This was what promoted the mother’s view that changeover should be in a Police Station.
At paragraph 34 Ms S traversed the mother’s account of the Auskick end of year break up. The noteworthy part of this aspect of the report is in paragraph 34 where Ms S recorded:
“As a consequence of the parents not being able to come to an agreement that enabled X to attend this event, his needs appear to have been overshadowed by parental issues.”
Ms S interviewed X twice during the assessment process and what he said he wanted changed in that in the first interview X wanted to live with his mother and spend less time with his father, but in the second interview he outlined a pattern which went close to alternate nights with each parent. Ms S opined at paragraph 36 that his first answer was initially impacted by his relationship with his mother and I think this is entirely likely.
At paragraphs 37-38 Ms S noted:
“37. The tension in X’s engagement with his parents was observed when X first entered the waiting area with his mother and saw his father was also present. He stood between both parents and appeared to be unable to make a decision about which parent he would go to. Once his mother gave him permission to greet his father, he happily moved toward Mr Taylor. It would appear that at times X’s experiences are compromised by the tension between his parents. Given X’s age he does not have the complexity of thought to understand he can have an alternate experience of his father to that of his mother. X was observed to take his cues from his mother with whom he has a trusting relationship and her hesitancy about Mr Taylor resulted in X being unable to freely approach him on initial greeting. It is important to X’s emotional development and ability to engage in healthy relationships with both parents that Mr Taylor and Ms Sage support X in a safe relationship with the other parent.
38. X was aware of the dysfunction in the relationship between his parents and said his mother “stays in the car” so his father doesn’t scream at her and his father says “rude words” which makes him “feel sad”. It would appear that X is directly impacted by his parent’s inability to manage their feelings when together, for X he is particularly impacted by his father’s anger towards his mother. It is important for X’s sense of stability and security with both parents that Mr Taylor’s interactions with Ms Sage are respectful.”

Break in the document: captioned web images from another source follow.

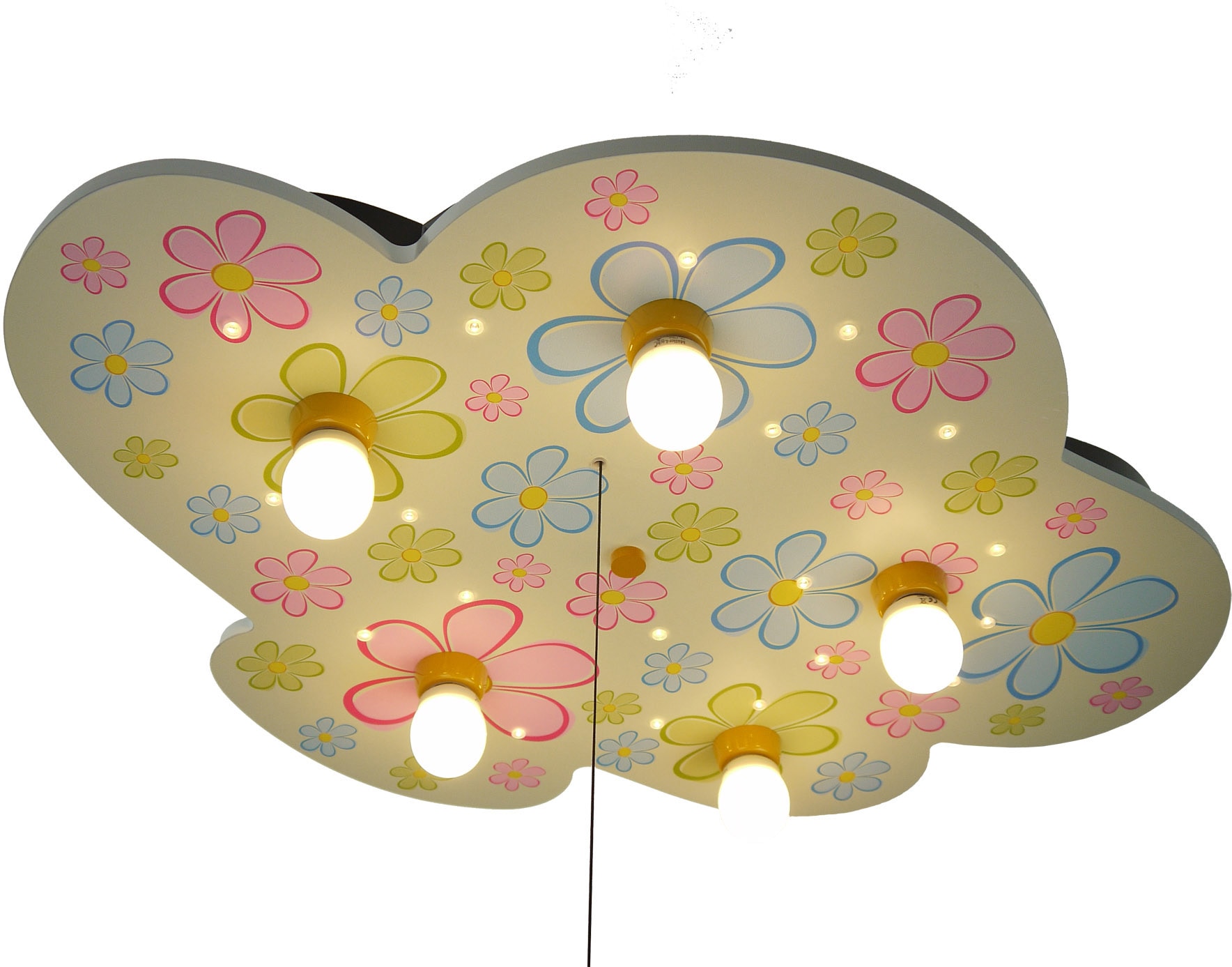niermann LED Deckenleuchte »Wolke Blumen«, 5 flammig-flammig,  Kinderzimmerlampe. Wolke, Bunte Blumen | BAUR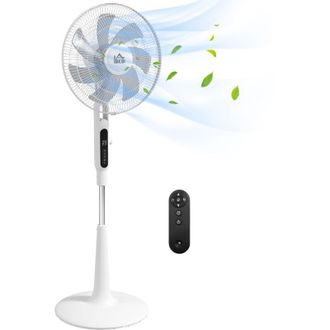 HOMCOM Ventilador De Pie Con Mando A Distancia 40 W Con 7 Aspas 28 Velocidades 3 Modos Oscilaci&oacute;n De 75&deg; Temporizador Y Funci&oacute;n Repelente De Mosquitos Blanco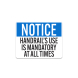 OSHA Notice Handrail Use Is Mandatory Decal (Non Reflective)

An interview with Ms L was unremarkable.
Ms S interviewed the maternal grandmother, Ms H. The only significance of this interview is that it shows the hostility of the grandmother to the father and his family.
Ms S noted at paragraph 48 that Y when with X was entirely focused upon him. Although X was somewhat more reserved, Ms S concluded that Y was clearly used to a positive response from him and this was indicative of a developing healthy relationship between them.
An interview with the Principal of (omitted) Primary School showed that X has engaged well in classroom activities and is progressing appropriately. I note that Mr B reported Ms Sage describing Mr Taylor as intimidating but he found Mr Taylor to be appropriate at all times in his interactions with Mr B and the school staff.
At paragraphs 53 and following Ms S concluded:
“53. X’s views about where he lives and how much time he spends with either parent changed depending on which parent he had spent time with. Prior to the observation session with his mother X reported a wish to live with her and see his father for a limited time. Following time spent with both parents, X’s thoughts changed and he wanted to live equally with each parent. X’s change in thought fits with the first observation of a little boy standing statue like, half way between both parents and unable to go to either until his mother gave him permission to engage happily with his father. X’s primary relationship is with his mother. It would appear X seeks her support to engage with his father. Given Ms Sage’s concerns that X’s care needs are not adequately met when with his father, her hesitancy about this relationship impacts directly on X’s ability to engage with his father when she is present.
54. As a five year old child X does not have sufficient developmental maturity to make informed decisions about his future in relation to his family. However, his statements supported by his behaviours, indicate he has a healthy relationship with both his mother and father. He also appeared to enjoy his relationship with his half sister who is nine months of age, X was confident in his interacts with his stepmother, although this relationship did not appear to be as familiar to him as that of his father.
55. X is the only child of Ms Sage. Since X’s conception by IVF, it is understandable that her focus has been on his health and wellbeing. During the assessment there were no concerns noted for X in Ms Sage’s care. Mr Taylor confirmed X’s wellbeing in the care of his mother as she has tended to X’s care and wellbeing since his birth. Ms Sage reported a range of concerns for X in the care of both Mr Taylor and Ms L.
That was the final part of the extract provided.